La Grande stagione di Paolo Ruggiero è un’educazione sentimentale che più che assomigliare a quella del Frédéric Moureau flaubertiano, ha tinte vagamente bukowskiane nella sua declinazione erotica, benché in questo caso non ci siano corse di cavalli e whisky e nemmeno il celebre nichilismo di Henry Chinaski, ma uno sguardo comunque aperto verso il futuro, come testimonierà in pieno il capitolo finale nel quale sembra anche intravedersi l’amore o quantomeno la sua possibilità, in modo ammiccante, come non lo era mai stato nell’intera narrazione. Romanzo vagamente tondelliano anche se depurato da quel vitalismo anticonformista e “politicizzato” dei libertini del compianto Pier Vittorio e più virato in questo caso a una ricerca interiore del protagonista intorno a nodi privati irrisolti, come la vicenda della ricerca sulla morte del padre testimonia.
L’amoreggiamento con i luoghi
Il romanzo è anche un atto d’amore verso i luoghi: verso Bologna in primis, la Bologna universitaria, quella degli studenti provenienti da tutta Italia, delle tante ragazze dal sud venute lì a studiare e che sembrano per il protagonista tante margherite da sfogliare, il sesso come scoperta della vita, la Bologna delle osterie, degli appartamenti in affitto:
«Bologna paese dei balocchi, peschiera pescosa, Bologna come fosse una festa che può durare anche dieci anni», la Bologna universitaria «gli studenti in pausa con lo smartphone: applicazioni colorate, spensierate, Scoppiettano tra le dita come pop-corn, Come se il pensiero oggi volesse seguire percorsi opposti. Non più carotare, andare a fondo, cercare le crepe, ma evaporare, con l’allegra spensieratezza dell’azoto dissolversi tra le nuvole, assieme a pastiglie colorate».
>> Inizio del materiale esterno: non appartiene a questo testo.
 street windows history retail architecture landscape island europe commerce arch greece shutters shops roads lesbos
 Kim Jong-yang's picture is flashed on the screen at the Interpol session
L’amoreggiamento con i luoghi continua con Parigi, seguendo il percorso e l’educazione di Livio che si trasferirà per lavoro nella Ville Lumière, Parigi anch’essa colta dall’occhio fotografico dell’autore, con le stesse descrizioni vivide e taglienti nonché liriche come fotografie, quelle scattate al di fuori dei corridoi turistici e che riescono a rappresentare la sua varia umanità, come in un trattato sociologico per tipi, su tutti le così definite Hautines parigine, tutto da scoprire di cosa si tratti, e «ragazze che in mètro non guardano direttamente, ma attraverso il riflesso del vetro à la francaise. Annoto su un foglietto: Cercare lo sguardo/ di ragazze lavate dentro/da un pianto recente».
Approdo all’isola
Descrizioni che riescono anche a cogliere il dato olfattivo con «gli odori di Parigi l’inizio di primavera» con «un sentore di funghi dai tombini, al mattino, di minestra scaduta dagli sfiati del metrò. Altre fragranze strane che non fai in tempo a trattenere: di guarnizione bruciata, pane in lievitazione».
I colori di Parigi infine a contrasto con quelli di K. l’isola delle Cicladi dove Livio ritorna dopo anni da quando vi aveva trascorso una vacanza con gli amici, trovando ancora «quella identica, esaltante fiducia nei giorni, nei mesi a venire, in una nuova Grande Stagione» quando scoprirà come in un’agnizione che «quella febbre, quella grinta c’è ancora, da qualche parte» il capitolo finale che si apre con un epigrafe di Guido Ceronetti citata anche all’interno dello stesso capitolo: «Lo sforzo più pesante per un uomo è essere leggero» e che chiude come in un’epifania un libro che dispiace che sia finito.